Elke papierlade wordt op dezelfde wijze gevuld.
In het volgende voorbeeld wordt papier in lade 1 geplaatst.
|
|
Selecteer het juiste papierformaat en invoerrichting met behulp van de papierformaatknop op de lade. Anders kan het apparaat beschadigd raken of kunnen er afdrukproblemen ontstaan.
Trek de papierlade voorzichtig uit. Stel de papierformaatknop in op basis van het papierformaat en de richting van het papier in de lade.
Trek de lade voorzichtig naar buiten tot hij stopt, til de voorzijde van de lade op en trek hem dan uit het apparaat.
Plaats de lade op een vlak oppervlak.
Knijp in de klem van de zijgeleider en schuif deze tot het gewenste papierformaat. Knijp in de eindgeleider en schuif deze naar binnen tot het standaardformaat.
Waaier de stapel even los voordat u deze in de lade plaatst.
Plaats het papier zodanig dat de afdrukzijde naar beneden ligt.
Stapel het papier niet hoger dan de limietmarkering.
Schuif de papiergeleiders tegen het papier zodat er geen ruimte meer tussen zit.

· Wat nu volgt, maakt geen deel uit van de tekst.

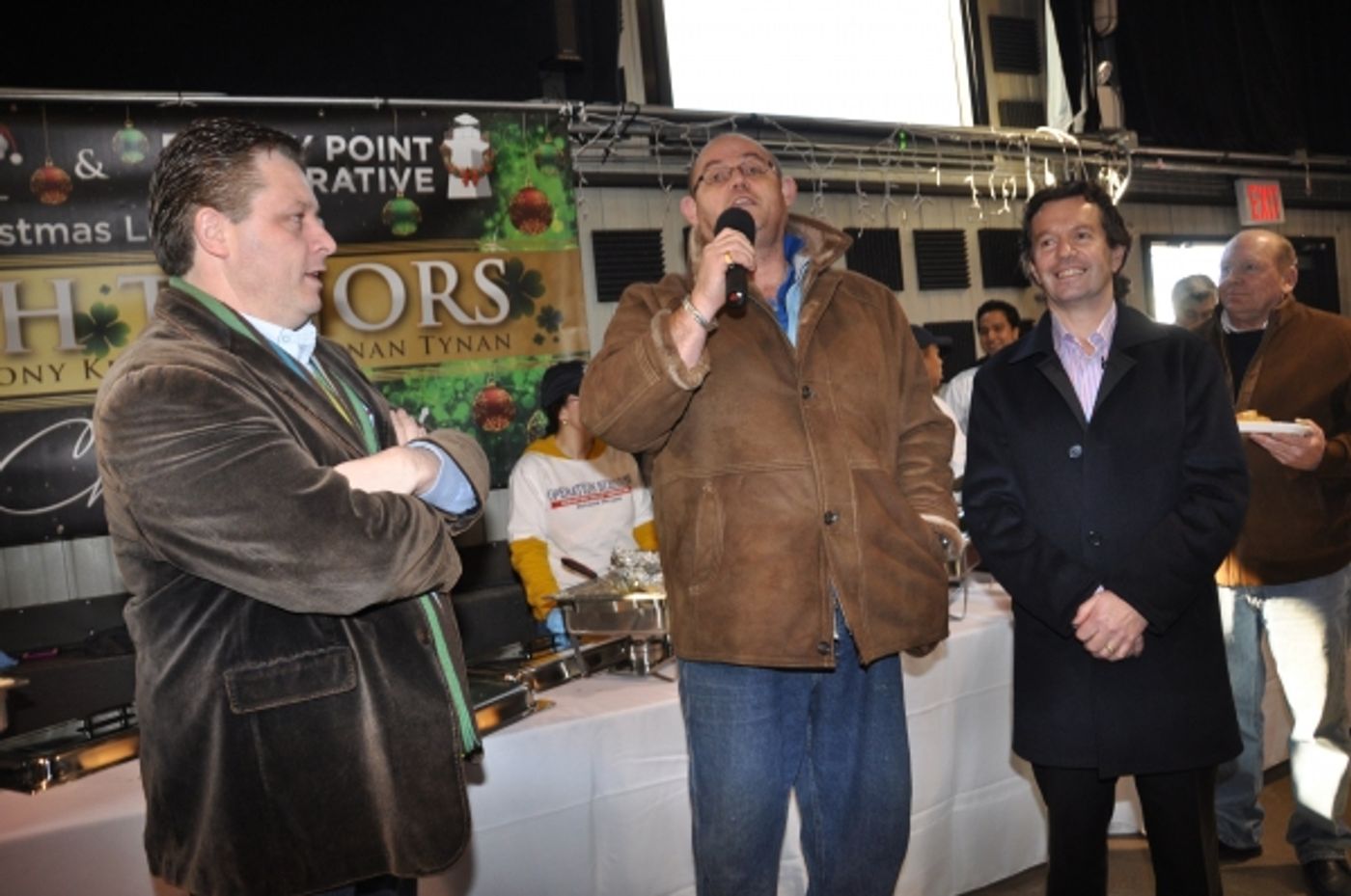 Photo Coverage: The Irish Tenors Visit Hurricane Sandy Victims in Breezy Point  Image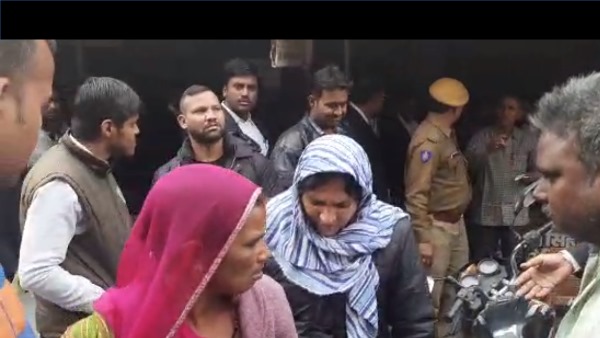 अचानक पहुंची पत्नी ने कर डाली पिटाई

Verplaats het papier in de lade niet meer dan een paar millimeter.
Overmatige verplaatsing van geladen papier kan ertoe leiden dat de papierranden beschadigd raken rond de openingen van de liftplaat van de lade, waardoor vellen papier verkreukelen of vastlopen.
Til de voorkant van de lade omhoog en schuif de lade voorzichtig in het apparaat totdat deze stopt.
Zorg om papierstoringen te voorkomen, dat de lade stevig is geplaatst.
Als u papier gebruikt dat groter is dan A4 of 81/2 × 11 in lade 1, raadpleeg dan Papierspecificaties en papier bijvullen.